The combination of alpha-2 agonists and ketamine leads to a more reliable, steady and profound sedation than alpha-2 agonists alone [14, 19,20,21]. Ketamine is a dissociative anaesthetic agent able to provoke a dose-dependent loss of consciousness while maintaining cranial nerve reflexes such as the swallowing reflex [22]. Due to its sympathomimetic action, tachycardia and hypertension can occur following administration. Bradycardia is a physiological consequence of alpha-2 agonist induced peripheral vasoconstriction. Therefore, ketamine can partly counteract the medetomidine-related bradycardia, but the administration of a sympathomimetic drug might lead to transient hypertension [20, 23,24,25].

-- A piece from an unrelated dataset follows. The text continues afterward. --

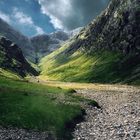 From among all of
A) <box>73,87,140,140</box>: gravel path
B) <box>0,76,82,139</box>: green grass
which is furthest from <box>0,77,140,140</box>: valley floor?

Butorphanol is a weak opioid being commonly used in veterinary medicine due to its moderate analgesic effects and its low potential for side effects [26, 27]. With the addition of an opioid to the dexmedetomidine-ketamine combination, the sedative and analgesic effects of this protocol can be further improved [23, 28, 29]. A combination of the three drugs dexmedetomidine, ketamine, and butorphanol is regularly administered to dogs in clinical practice [30, 31]. However, for intramuscular administration, optimal dosages for best anaesthetic conditions and for minimal occurrence of side effects upon have not yet been investigated.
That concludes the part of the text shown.